EXERCISE BRIEF:
An exact repetition of the data below, without images, is the expected answer.

Captioned web images:
┏━━

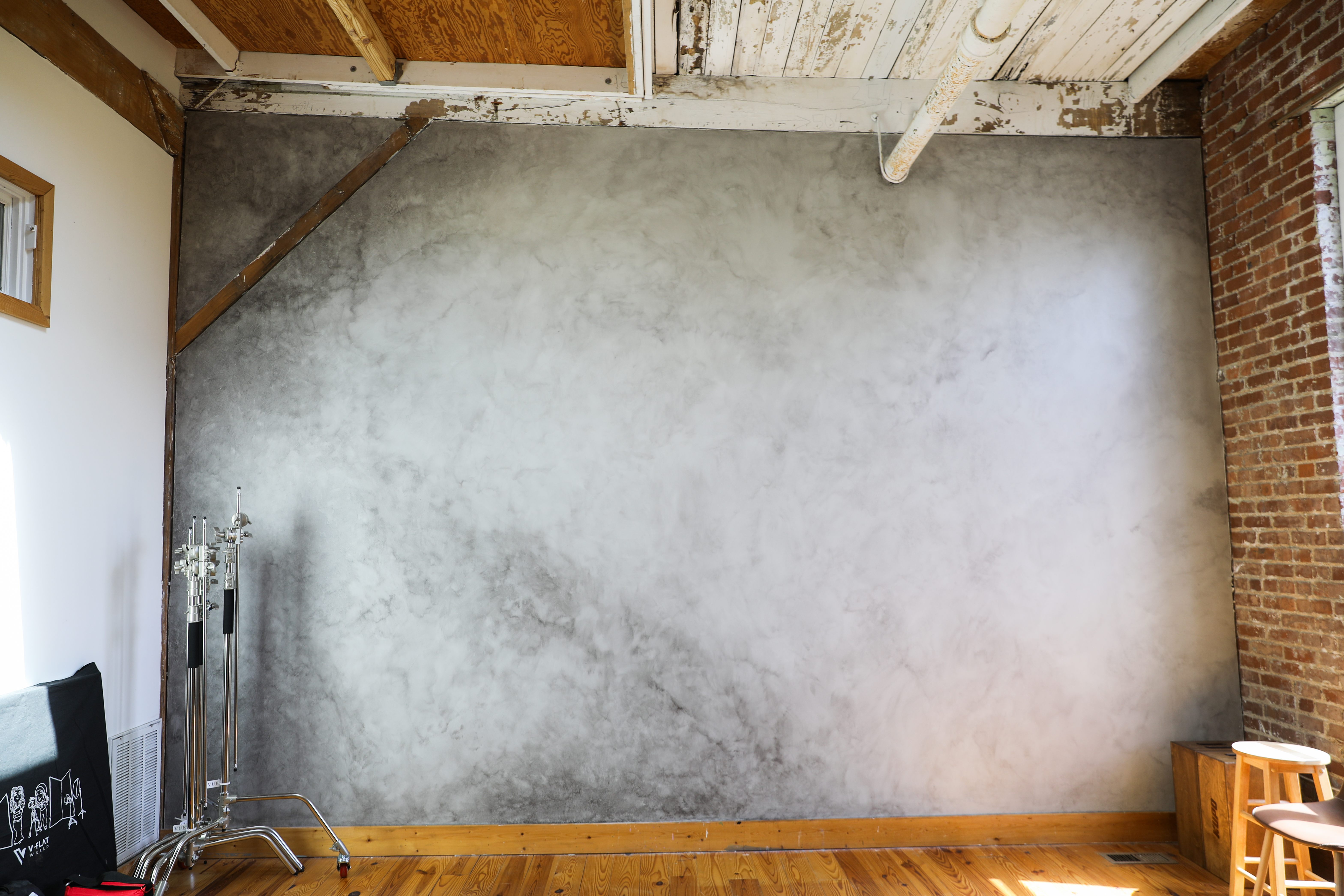 VUE - Studio 3 - natural light studio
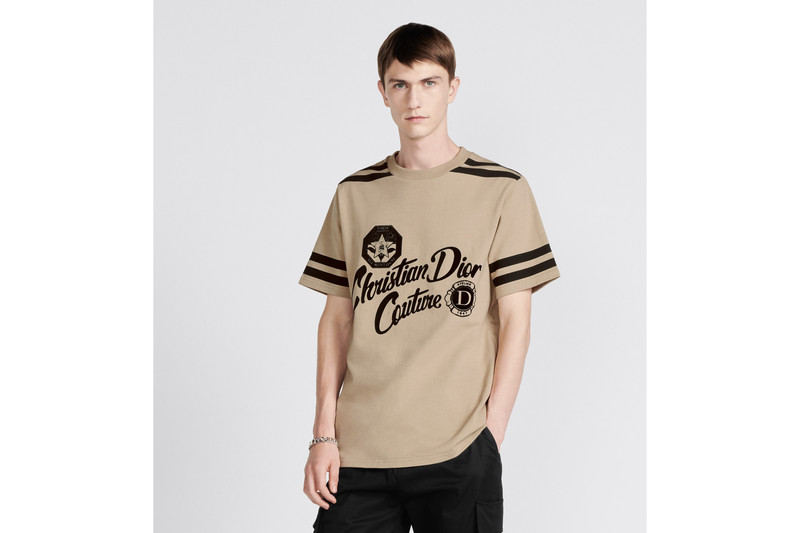 Christian Dior Couture Relaxed-Fit T-Shirt 2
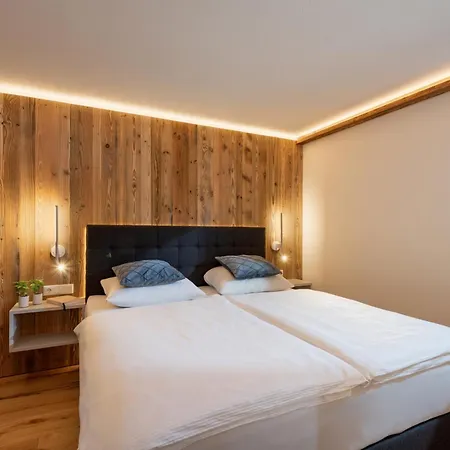 Haus Rass Apartament *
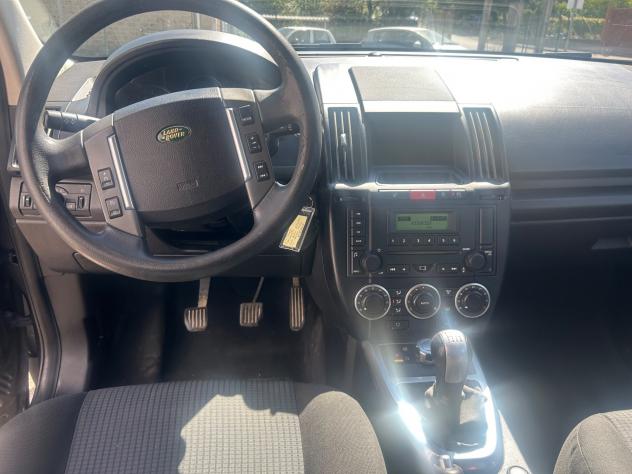 Land Rover Freelander 2.2 TD4 S.W. S - Foto 9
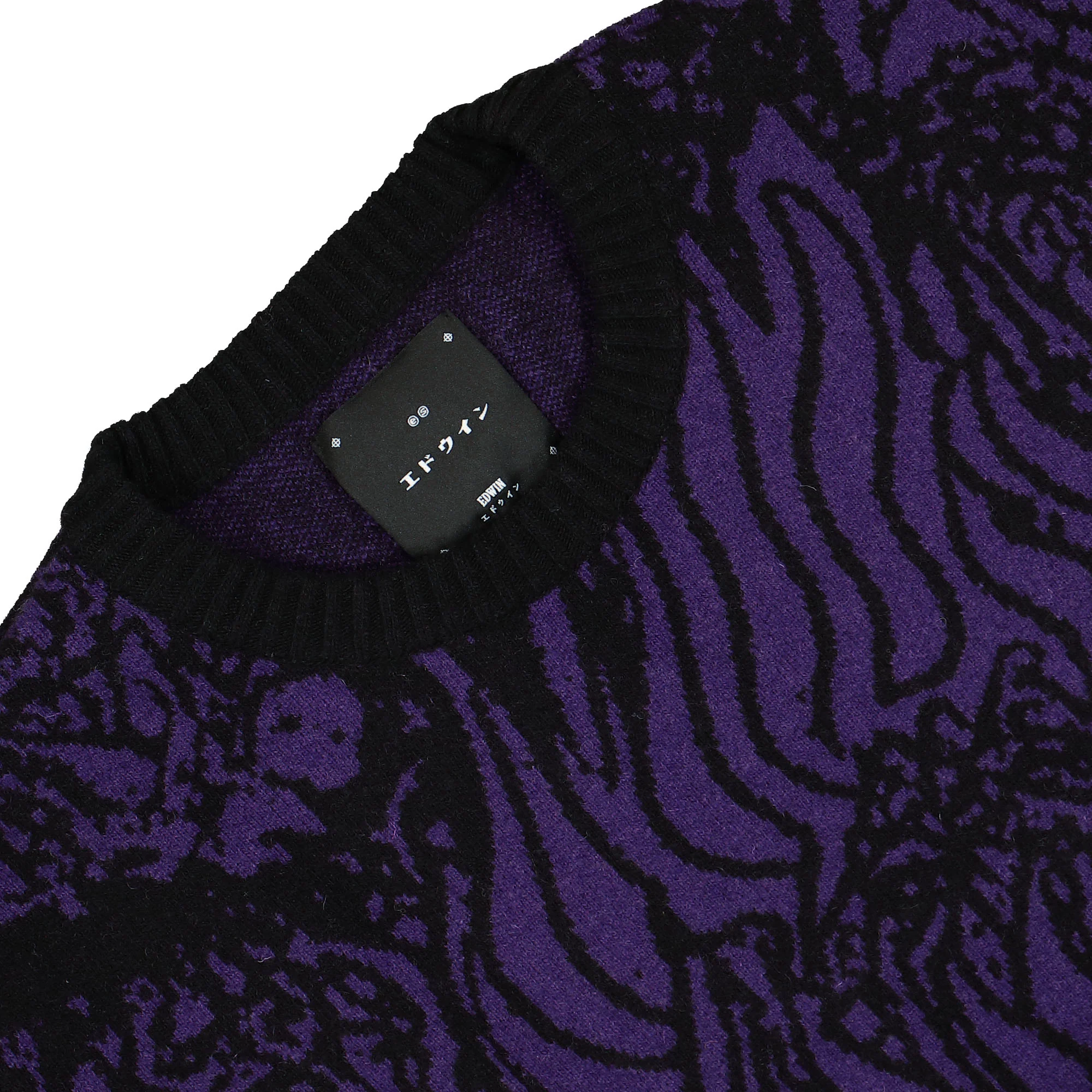 Allover Sweater - Image 3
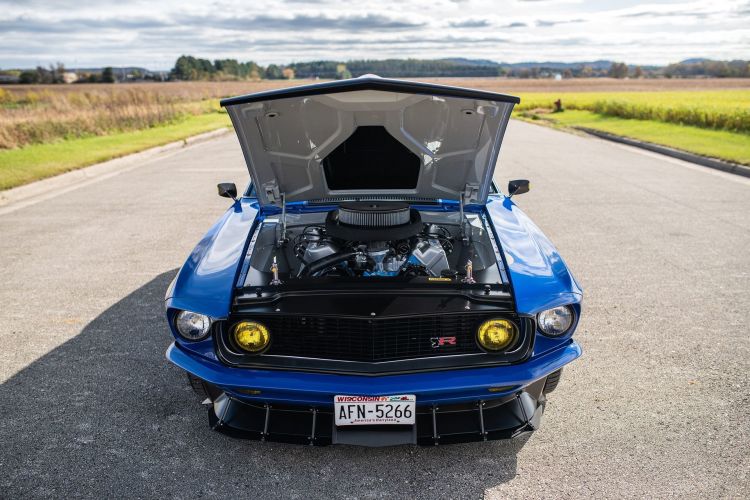 Ford Mustang Ringbrothers 39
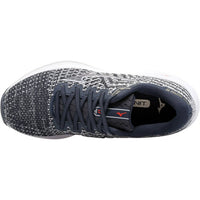 Mizuno - Women's Wave Inspire 17 Running Sneakers - grey - outletdeals - shoes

┗━━

RESPONSE TO THE EXERCISE:
 VUE - Studio 3 - natural light studio
 Christian Dior Couture Relaxed-Fit T-Shirt 2
 Haus Rass Apartament *
 Land Rover Freelander 2.2 TD4 S.W. S - Foto 9
 Allover Sweater - Image 3
 Ford Mustang Ringbrothers 39
 Mizuno - Women's Wave Inspire 17 Running Sneakers - grey - outletdeals - shoes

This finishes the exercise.